Neonatal hypoglycemia may be transient or persistent.

Causes of transient hypoglycemia are

  • Inadequate substrate

  • Immature enzyme function leading to deficient glycogen stores

Causes of persistent hypoglycemia include

  • Hyperinsulinism

  • Defective counter-regulatory hormone release

  • Inherited disorders of metabolism (eg, glycogen storage diseases, disorders of gluconeogenesis, fatty acid oxidation disorders—see Inherited Disorders of Metabolism)

Deficiency of glycogen stores at birth is common in very low-birth-weight preterm infants, infants who are small for gestational age (SGA) because of placental insufficiency, and infants who have perinatal asphyxia. Anaerobic glycolysis consumes glycogen stores in these infants, and hypoglycemia may develop at any time in the first few days, especially if there is a prolonged interval between feedings or if nutritional intake is poor. A sustained input of exogenous glucose is therefore important to prevent hypoglycemia.

Transient hyperinsulinism most often occurs in infants of diabetic mothers and is inversely related to the degree of maternal diabetic control. It also commonly occurs in physiologically stressed infants who are SGA. Less common causes include congenital hyperinsulinism (genetic conditions transmitted in both autosomal dominant and recessive fashion), severe erythroblastosis fetalis, and Beckwith-Wiedemann syndrome (in which islet cell hyperplasia accompanies features of macroglossia and umbilical hernia).
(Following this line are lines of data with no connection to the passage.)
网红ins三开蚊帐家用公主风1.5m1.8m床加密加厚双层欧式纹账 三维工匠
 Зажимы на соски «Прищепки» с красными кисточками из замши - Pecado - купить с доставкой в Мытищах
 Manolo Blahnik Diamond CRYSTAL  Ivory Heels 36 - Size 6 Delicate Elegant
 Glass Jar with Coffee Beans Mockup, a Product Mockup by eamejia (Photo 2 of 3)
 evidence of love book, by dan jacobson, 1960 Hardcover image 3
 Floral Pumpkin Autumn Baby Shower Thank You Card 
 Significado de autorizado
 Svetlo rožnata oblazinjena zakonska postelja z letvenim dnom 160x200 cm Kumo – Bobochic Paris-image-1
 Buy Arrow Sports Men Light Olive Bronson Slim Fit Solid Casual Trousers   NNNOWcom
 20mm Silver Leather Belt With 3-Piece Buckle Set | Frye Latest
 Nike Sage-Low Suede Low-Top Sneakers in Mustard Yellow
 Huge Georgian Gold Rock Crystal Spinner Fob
Hyperinsulinemia characteristically results in a rapid fall in serum glucose in the first 1 to 2 h after birth when the continuous supply of glucose from the placenta is interrupted.

Hypoglycemia may also occur if an IV infusion of D/W is abruptly interrupted. Finally, hypoglycemia can be due to malposition of an umbilical catheter or sepsis.

Symptoms and Signs

Many infants remain asymptomatic. Prolonged or severe hypoglycemia causes both adrenergic and neuroglycopenic signs. Adrenergic signs include diaphoresis, tachycardia, lethargy or weakness, and shakiness. Neuroglycopenic signs include seizure, coma, cyanotic episodes, apnea, bradycardia or respiratory distress, and hypothermia. Listlessness, poor feeding, hypotonia, and tachypnea may occur.

Diagnosis

  • Bedside glucose check

All signs are nonspecific and also occur in neonates who have asphyxia, sepsis or hypocalcemia, or opioid withdrawal (see Opioids). Therefore, at-risk neonates with or without these signs require an immediate bedside serum glucose check from a capillary sample. Abnormally low levels are confirmed by a venous sample.

Treatment

  • IV dextrose (for prevention and treatment)

  • Enteral feeding

  • Sometimes IM glucagon

Most high-risk neonates are treated preventively. For example, infants of diabetic women who have been using insulin are often started at birth on a 10% D/W infusion IV or given oral glucose, as are those who are sick, are extremely premature, or have respiratory distress. Other at-risk neonates who are not sick should be started on early, frequent formula feedings to provide carbohydrates.

Any neonate whose glucose falls to 50 mg/dL ( 2.75 mmol/L) should begin prompt treatment with enteral feeding or with an IV infusion of up to 12.5% D/W, 2 mL/kg over 10 min; higher concentrations of dextrose can be infused if necessary through a central catheter. The infusion should then continue at a rate that provides 4 to 8 mg/kg/min of glucose (ie, 10% D/W at about 2.5 to 5 mL/kg/h). Serum glucose levels must be monitored to guide adjustments in the infusion rate. Once the neonate’s condition has improved, enteral feedings can gradually replace the IV infusion while the glucose concentration continues to be monitored. IV dextrose infusion should always be tapered, because sudden discontinuation can cause hypoglycemia.

If starting an IV infusion promptly in a hypoglycemic neonate is difficult, glucagon 100 to 300 μg/kg IM (maximum, 1 mg) usually raises the serum glucose rapidly, an effect that lasts 2 to 3 h, except in neonates with depleted glycogen stores. Hypoglycemia refractory to high rates of glucose infusion may be treated with hydrocortisone 2.5 mg/kg IM bid. If hypoglycemia is refractory to treatment, other causes (eg, sepsis) and possibly an endocrine evaluation for persistent hyperinsulinism and disorders of defective gluconeogenesis or glycogenolysis should be considered.